リサヴィとの対戦となったとき、対戦相手であるリオではなく、サラに向けて決めポーズをとりながら不戦敗を宣言するのだ。
「リッキーキラーに勝ってもよ、リサヴィが依頼を受けないんじゃ意味がねえだろ?」
と。
誰もが大体同じようなセリフを吐いて戦いの開始前に去って行った。
サラは呆れ顔をするだけだったが、依頼主のウーミはイライラした表情を隠しもせずにぶつぶつと呟く。

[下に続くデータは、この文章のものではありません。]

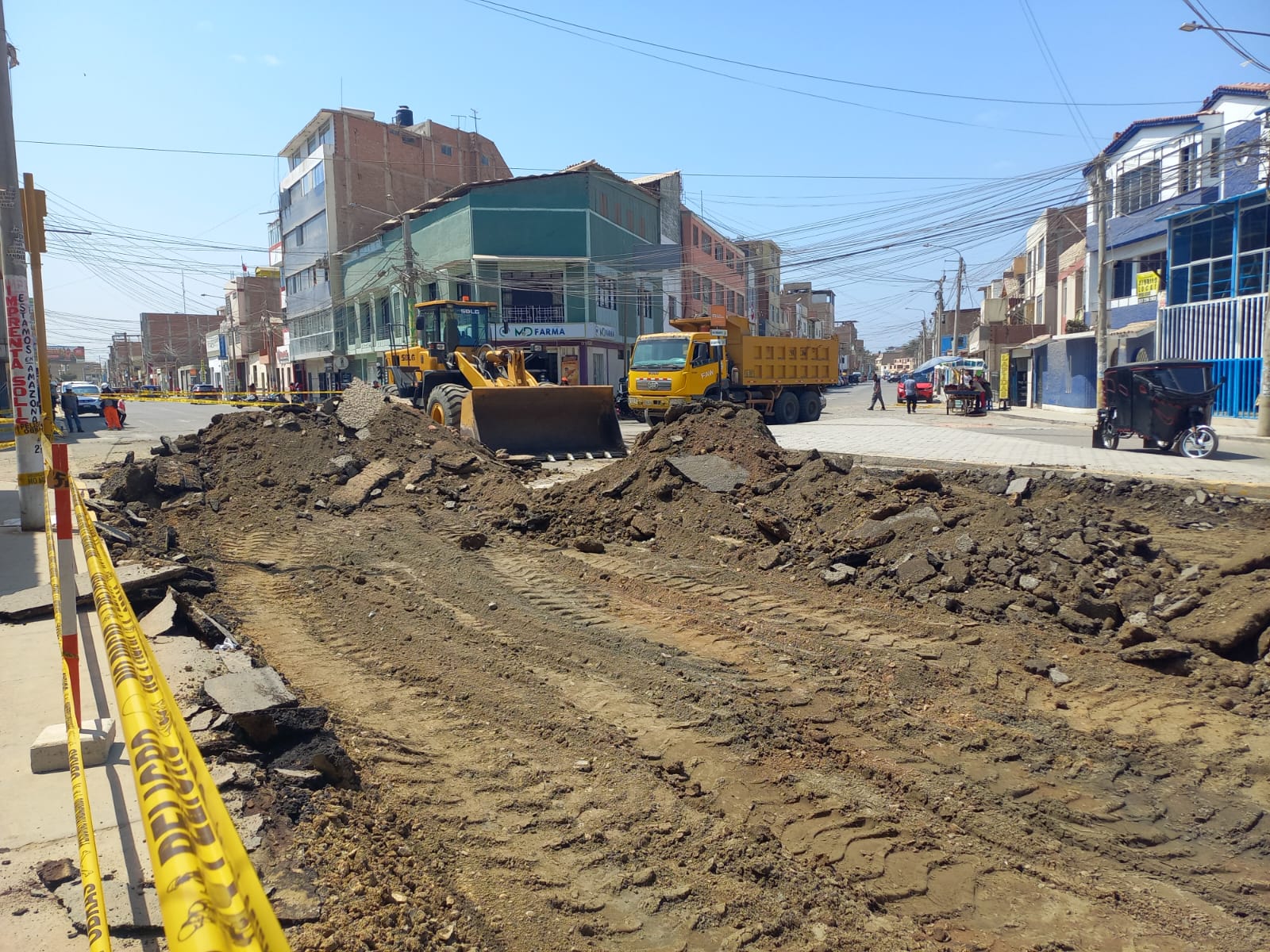 TRABAJOS DE  REPARACIÓN DE LA AV. SÁENZ PEÑA (CORTE DE SUELO) 3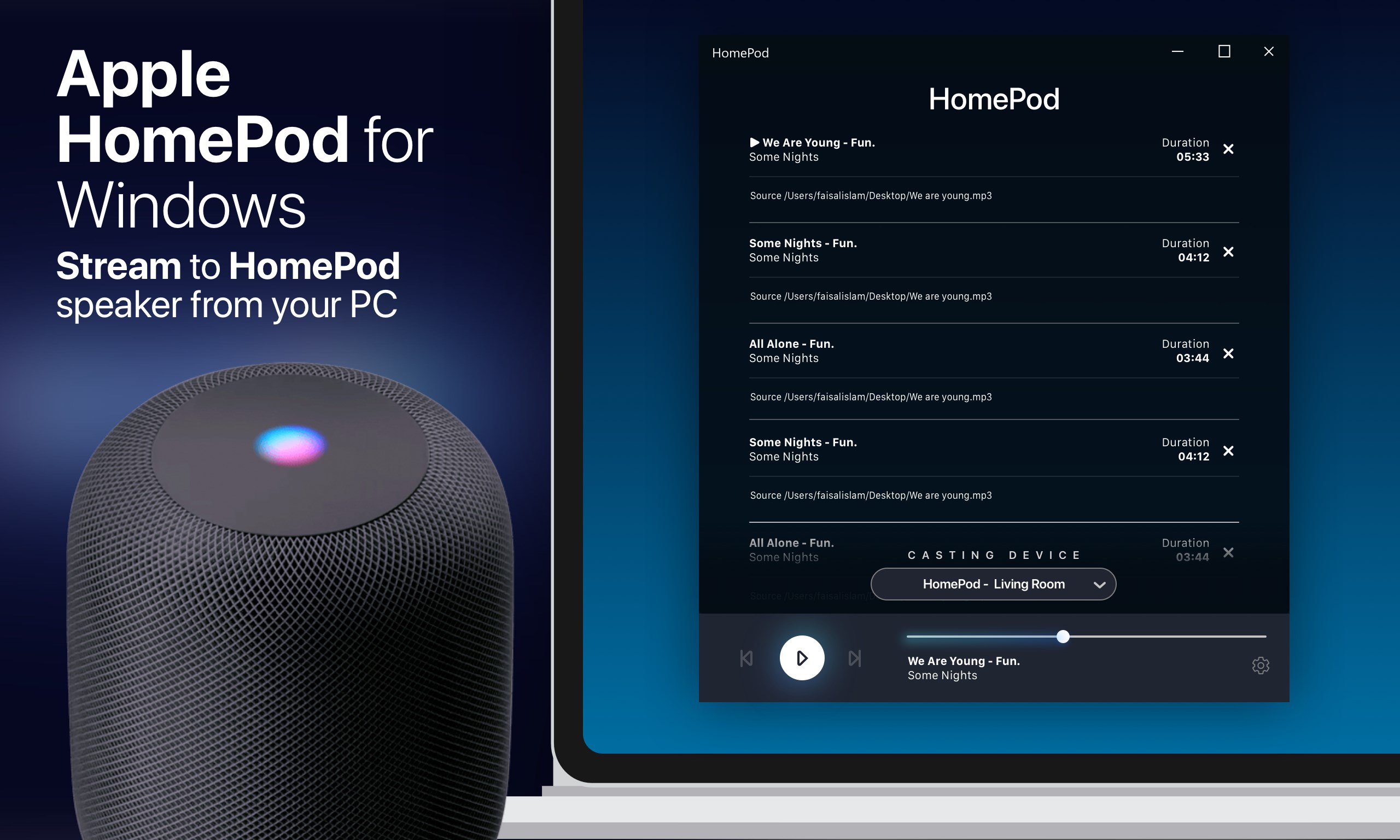 homepod windows 10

「こんな茶番で時間をつぶしてる場合じゃないんだけどな」
再びリサヴィ、リオの対戦がやって来た。
リオはトーナメントに勝ち残っている者達に向かって無表情のまま言った。
「時間がもったいないから残り全員上がって来なよ。それで勝った者が優勝にしよう」
「リオさん!?ああ、僕達に時間がないのを知って時短をしようとしてるんですね!……嬉しいです!」
ウーミが瞳に涙を浮かべる。
「あの、とても言い難いですが、あれは単に移動の往復が面倒になっただけです」
「ですねっ」
しかし、感動しているウーミにサラ達の声は届かなかった。
審判が依頼主のウーミにリオの提案について確認する。
ウーミのOKが出てリオの提案が採用された。
Aグループは次の戦いが決勝戦となった。
リオの発言を聞き、次の対戦相手だった冒険者が怒りを露わにする。
「あの野郎、ちょっと調子乗りすぎじゃねーか?」
「はんっ、奴の希望通りバトルロワイヤルやってやろうぜ!」
「だな!」
「よし行くぞお前ら!」
「「おう!」」
リオの本来の対戦相手の冒険者が堂々とした態度でリオと対峙する。
それを見てリオはどこかつまらなそうに言った。
「一人だけなんだ」
その冒険者が鼻で笑った。
「はっ、何馬鹿なこと言ってやがる!なあ?……あれ?」
その冒険者が後ろ振り返ると誰もいなかった。
待機場所を睨むとニヤニヤ笑う冒険者達がいた。
「だ、騙された!」
「では準備はいいですね」
「ちょ、ちょ待てよ!」
しかし、無情にも審判が開始の合図をする。
「では開始します。始め」
開始三秒で決着がついた。
言うまでもなく、リオの勝ちだ。
こうしてAグループはリオが優勝した。